Na região amazônica, por exemplo, onde as distâncias são um entrave ao acesso à justiça, o formato digital aproximou comunidades, aldeias e povoados. A Justiça, até então, era um "ser kafkaniano" ou, "se conhecido, inacessível". As itinerantes eram esporádicas, além do alto custo de deslocamento, a exigir transportes terrestre, aéreo e fluvial. "Como promover a ampliação do acesso à justiça nos Estados de Rondônia e Acre pelo uso da tecnologia?" — era a pergunta a ser adequadamente respondida.

A partir dessa inquietação, decidiu-se expandir a rede de atuação da Justiça do Trabalho sem que fossem criadas unidades judiciárias e postos avançados de atendimento. Em sendo a cooperação institucional incentivada pela ordem processual brasileira, o caminho encontrado consistiu na concertação de parcerias com outras instituições de maior capilaridade na região amazônica, dentro e fora do sistema de justiça.

A Defensoria Pública do Estado do Acre; o Tribunal de Justiça de Rondônia; Prefeitura Municipal de Rio Branco (AC) e outras instituições se prontificaram a ceder parte de seu espaço físico para atendimento da população que não tem acesso à internet tampouco meios e recursos financeiros para deslocar-se até localidades servidas por unidades judiciárias da Justiça do Trabalho de Rondônia e Acre.

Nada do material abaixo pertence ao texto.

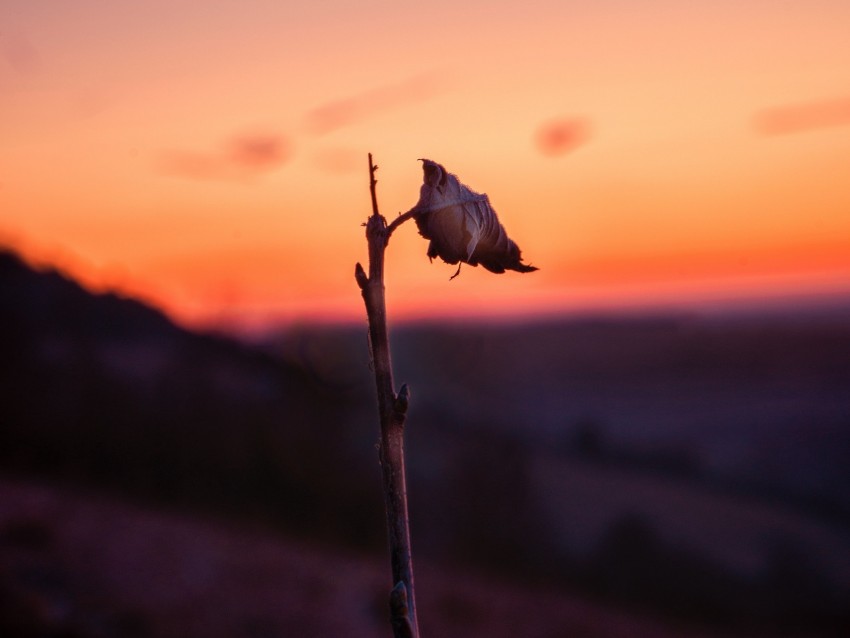 sheet, branch, macro, sunset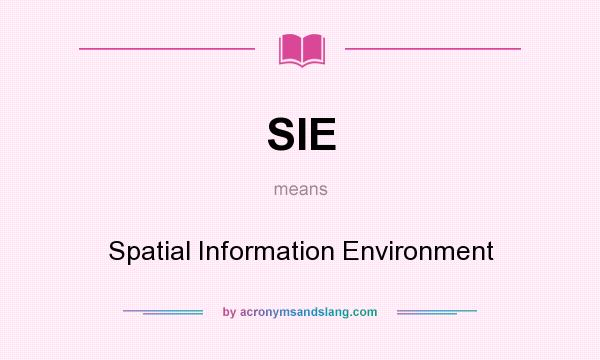 What does SIE mean? It stands for Spatial Information Environment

A metodologia de trabalho é bastante simples. Entre as cláusulas convenentes, as instituições parceiras se comprometeram a disponibilizar um(a) servidor(a) de seu quadro de pessoal a atender o(a) cidadão(ã) que pretende contatar o Poder Judiciário Trabalhista. Assim é feito pelo link disponível do balcão virtual. O servidor recebe a parte ou interessado(a) e o(a) coloca em frente à tela do computador, clicando no link do GoogleMeet, para que o atendimento seja feito pelo quadro de pessoal da Justiça do Trabalho. Computadores e câmeras foram fornecidos pela Justiça do Trabalho de Rondônia e Acre, além de treinamentos para melhor atender o(a) jurisdicionado(a).

Entra em cena, portanto, a Justiça do Trabalho Presente, como política pública de ampliação de acesso ao sistema judiciário, pela concertação de parcerias com vistas a capilarizar sua atuação e a incluir os digitalmente vulnerabilizados e invisibilizados pela pecha da desigualdade social.

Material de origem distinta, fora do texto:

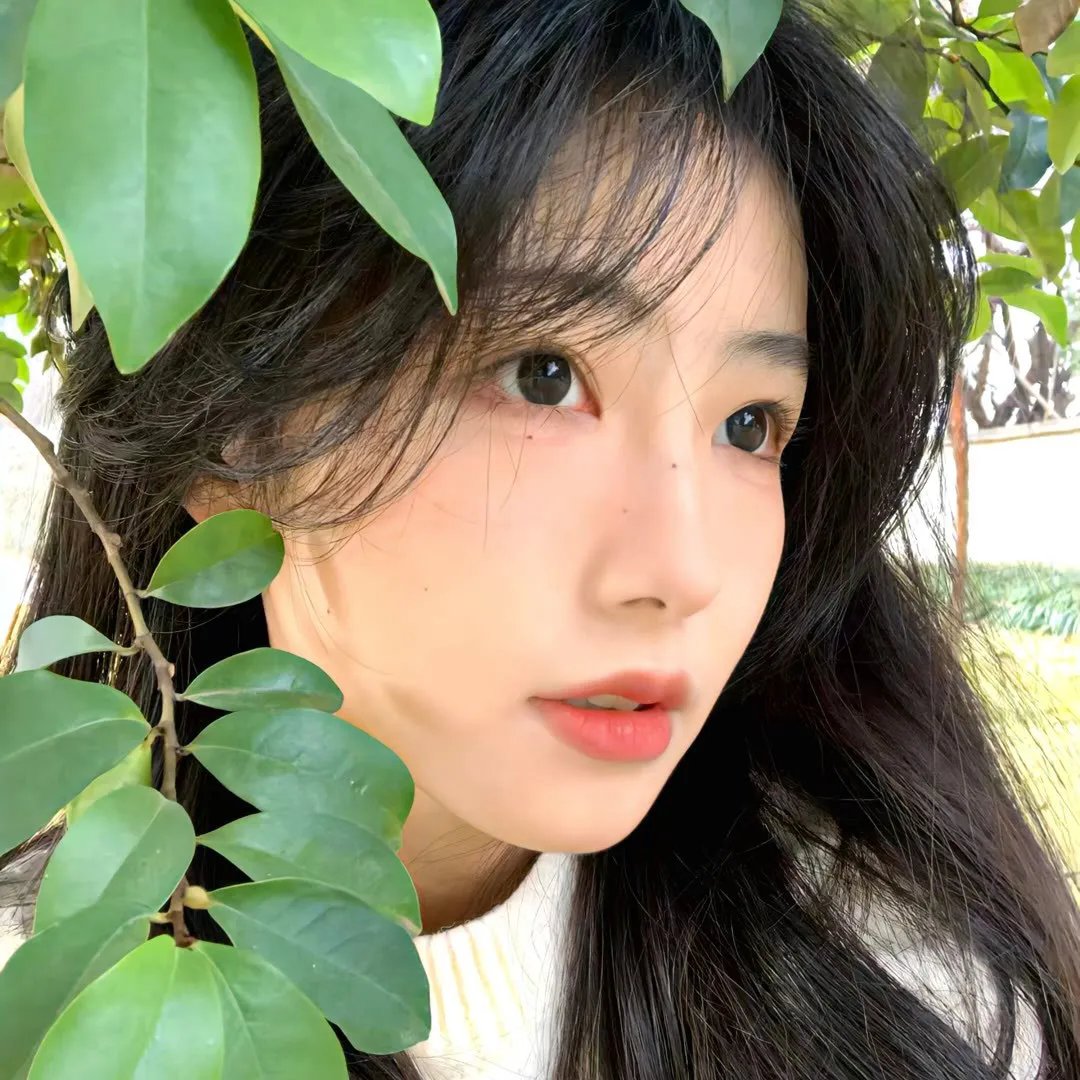 只为你遗憾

Para melhor elucidação da metodologia de trabalho, apresenta-se, por oportuno, atendimento realizado pela Defensoria Pública do Estado do Acre, no município de Tarauacá, onde inexiste unidade judiciária do Tribunal Regional do Trabalho da 14ª Região, como também transporte público para deslocamento até a cidade de Feijó (AC).

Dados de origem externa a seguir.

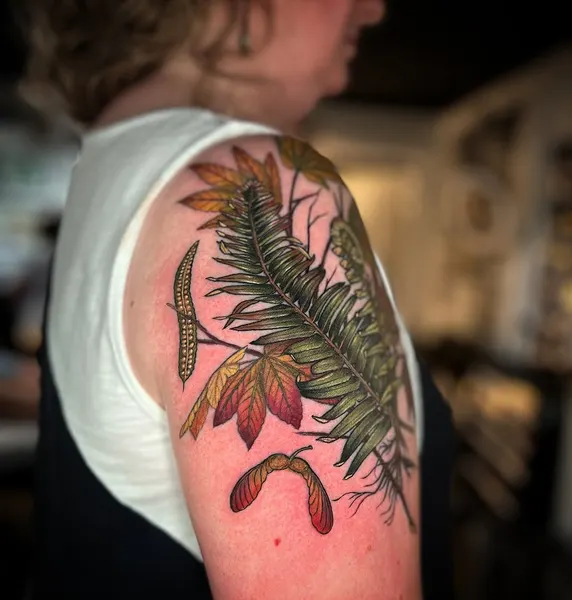 잎, Flower, 고사리, 은행잎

Por essa via, o Tribunal Regional do Trabalho da 14ª Região promove a ampliação de sua dimensão territorial, a se fazer presente em áreas não servidas por unidades judiciárias físicas, a amainar as distâncias da região amazônica e a incluir parcela considerável da população brasileira, ainda à margem do sistema de justiça. Capilariza a atuação da Justiça do Trabalho e, sobretudo, amplia o acesso, pela cooperação, racionalização de recursos e emprego responsável da tecnologia.

Como pontua o juiz Learned Hand: "if we are to keep our democracy, there must be one commandment: Thou shalt not ration justice" [2].


[1] KAFKA, Franz. The trial. Traduzido por David Wyllie. Disponível em: http://www.dominiopublico.gov.br/download/texto/gu007849.pdf. Acesso em 25/9/2021.

[2] Judge Learned Hand, Remarks at the Seventy-Fifth Anniversary Celebration of The Legal Aid Society (Feb. 16, 1951).